● INPUT FOR THIS TASK:
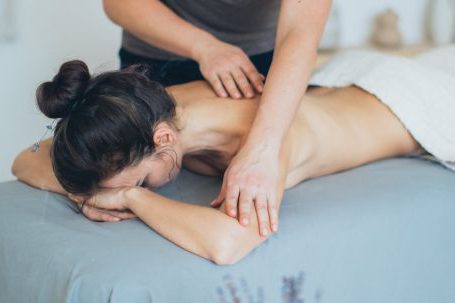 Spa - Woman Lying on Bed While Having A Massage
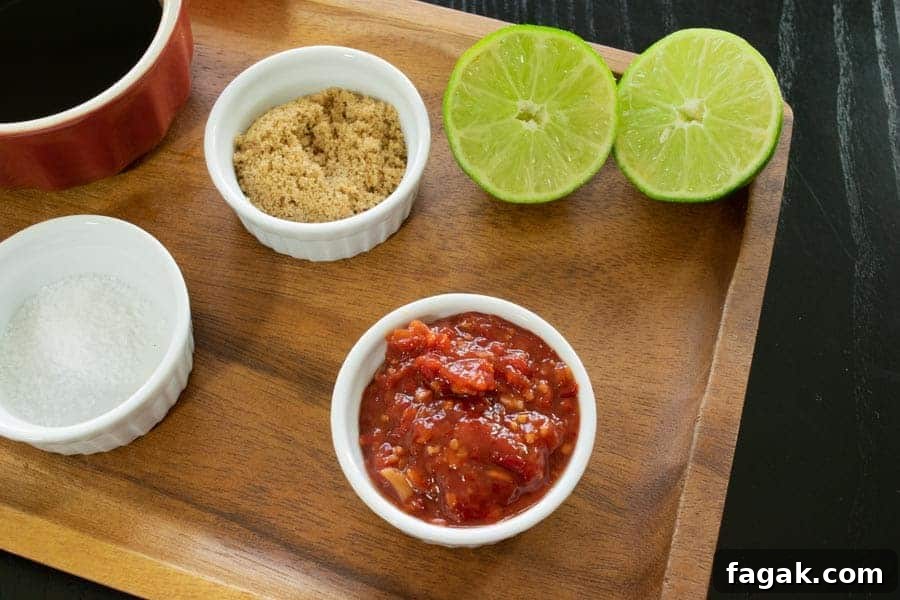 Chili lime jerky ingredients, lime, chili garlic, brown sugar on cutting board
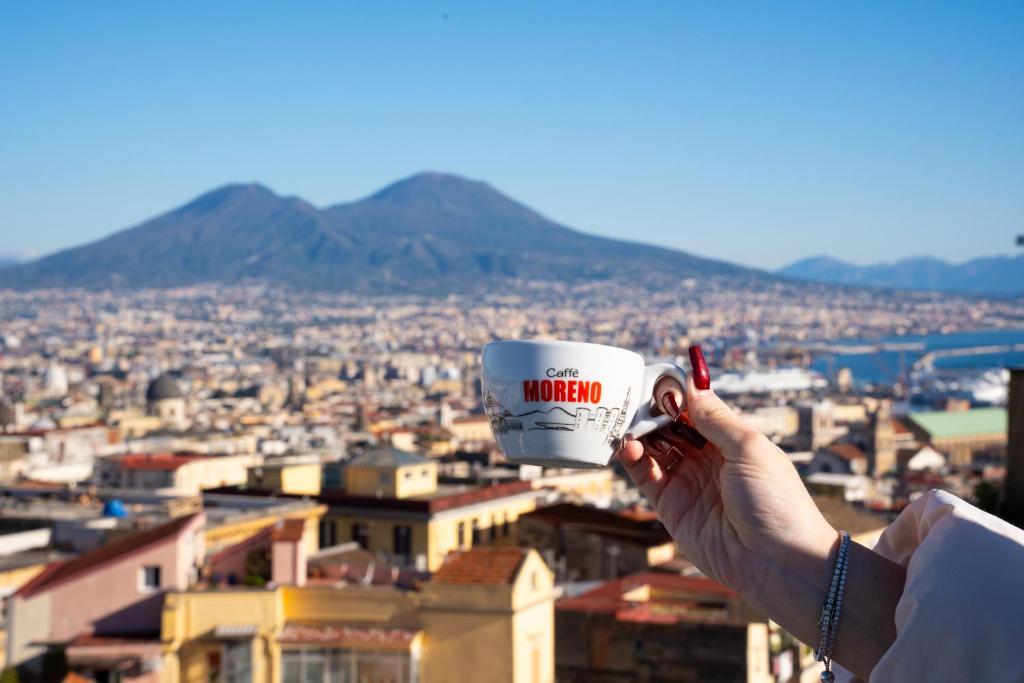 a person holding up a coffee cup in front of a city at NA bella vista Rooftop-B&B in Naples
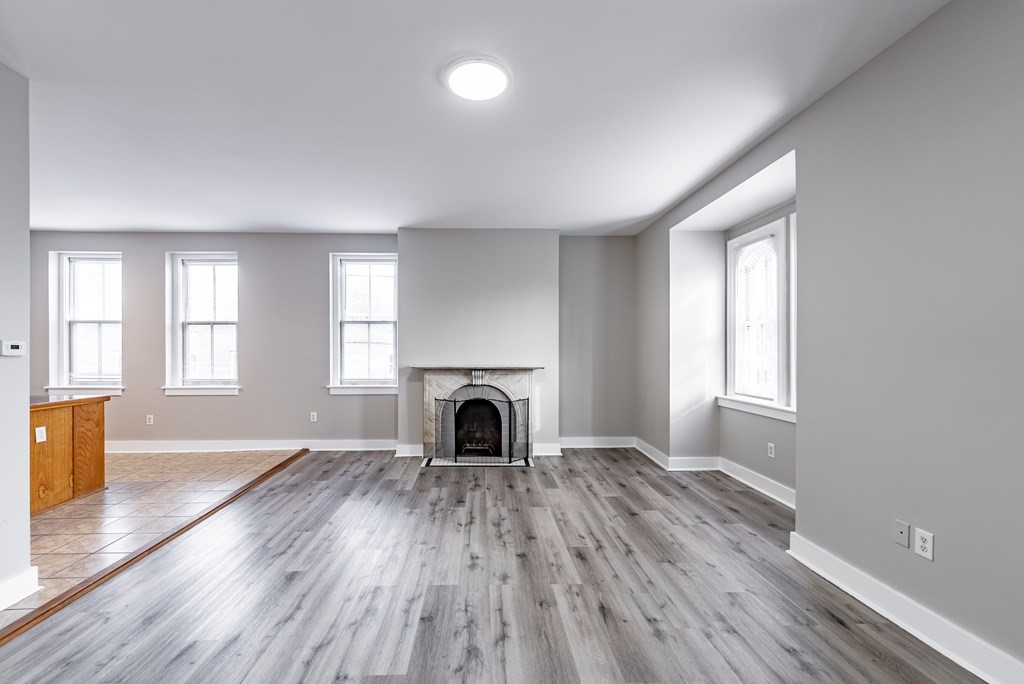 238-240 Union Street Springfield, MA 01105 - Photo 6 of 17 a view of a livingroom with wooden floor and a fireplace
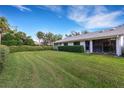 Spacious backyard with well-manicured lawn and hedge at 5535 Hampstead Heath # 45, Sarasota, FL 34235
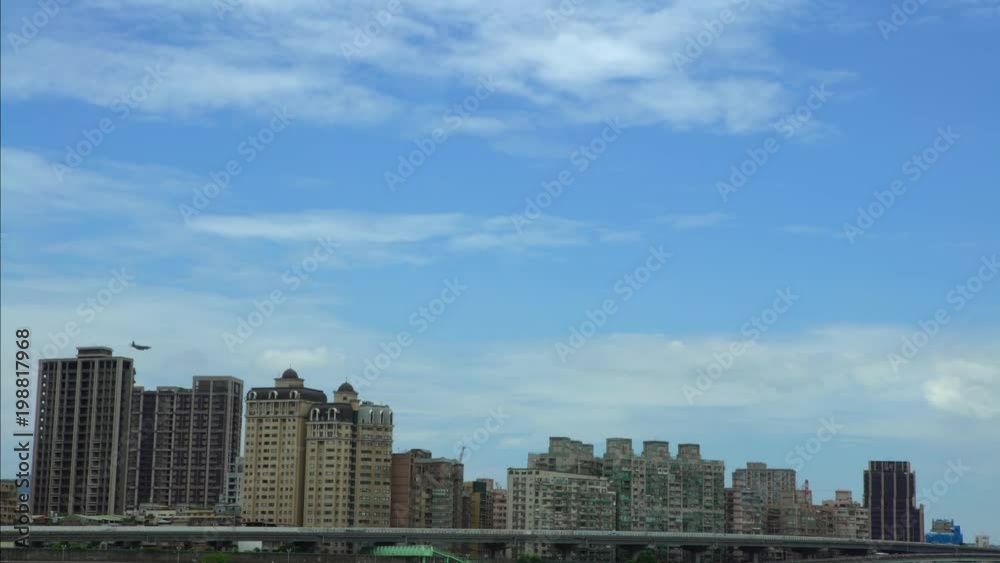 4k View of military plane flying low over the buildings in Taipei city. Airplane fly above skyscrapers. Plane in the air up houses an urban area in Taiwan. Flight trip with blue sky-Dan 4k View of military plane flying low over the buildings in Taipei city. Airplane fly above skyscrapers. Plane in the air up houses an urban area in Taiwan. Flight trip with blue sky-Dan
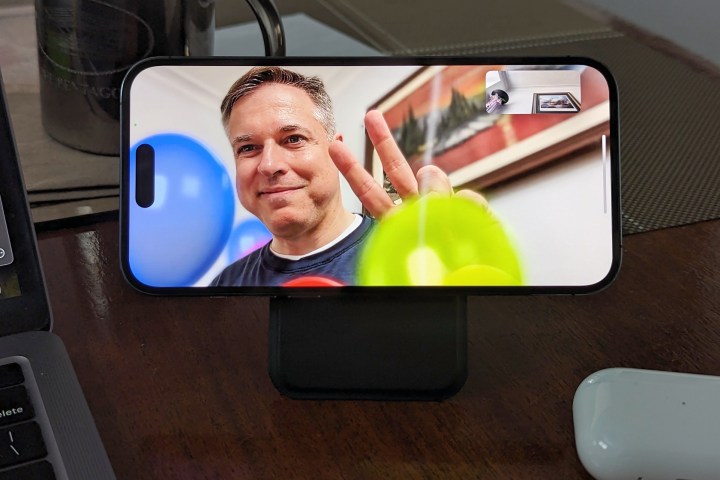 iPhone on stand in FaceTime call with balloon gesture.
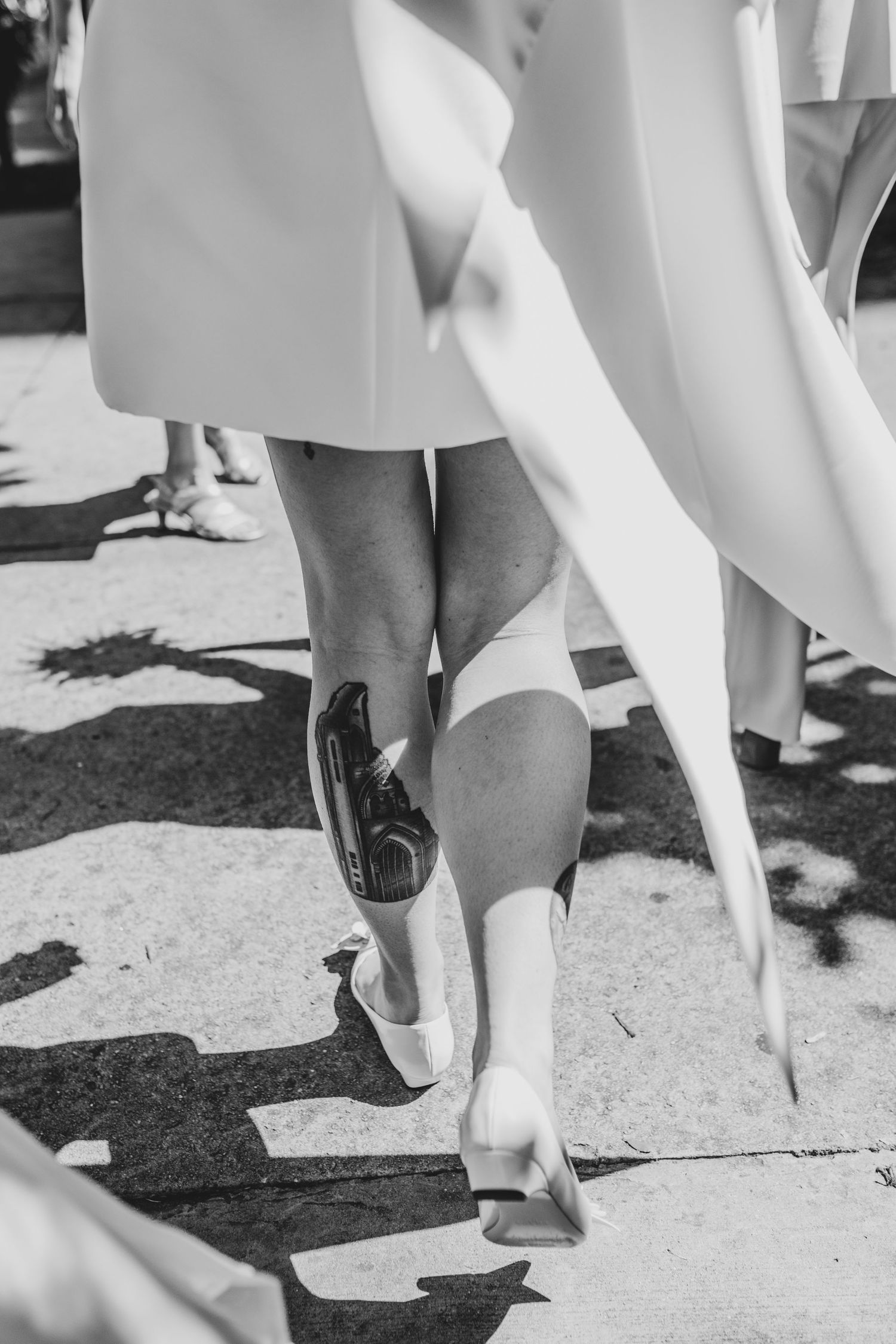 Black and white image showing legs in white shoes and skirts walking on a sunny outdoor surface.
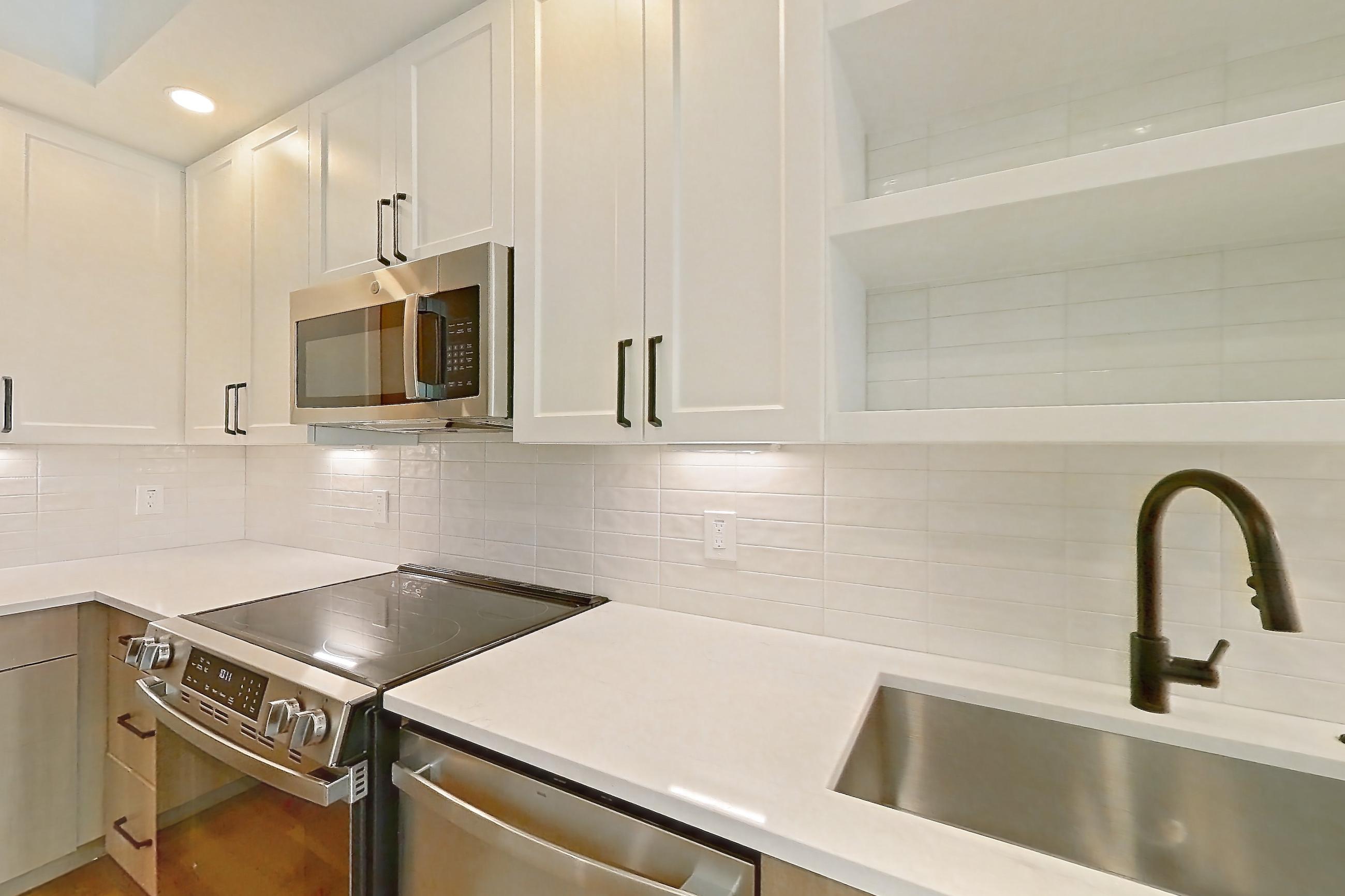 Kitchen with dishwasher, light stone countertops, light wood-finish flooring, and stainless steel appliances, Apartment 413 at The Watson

● PROBLEM DESCRIPTION:
All entries above, minus the pictures, should be repeated exactly.

● OUTPUT FOR THIS TASK:
 Spa - Woman Lying on Bed While Having A Massage
 Chili lime jerky ingredients, lime, chili garlic, brown sugar on cutting board
 a person holding up a coffee cup in front of a city at NA bella vista Rooftop-B&B in Naples
 238-240 Union Street Springfield, MA 01105 - Photo 6 of 17 a view of a livingroom with wooden floor and a fireplace
 Spacious backyard with well-manicured lawn and hedge at 5535 Hampstead Heath # 45, Sarasota, FL 34235
 4k View of military plane flying low over the buildings in Taipei city. Airplane fly above skyscrapers. Plane in the air up houses an urban area in Taiwan. Flight trip with blue sky-Dan 4k View of military plane flying low over the buildings in Taipei city. Airplane fly above skyscrapers. Plane in the air up houses an urban area in Taiwan. Flight trip with blue sky-Dan
 iPhone on stand in FaceTime call with balloon gesture.
 Black and white image showing legs in white shoes and skirts walking on a sunny outdoor surface.
 Kitchen with dishwasher, light stone countertops, light wood-finish flooring, and stainless steel appliances, Apartment 413 at The Watson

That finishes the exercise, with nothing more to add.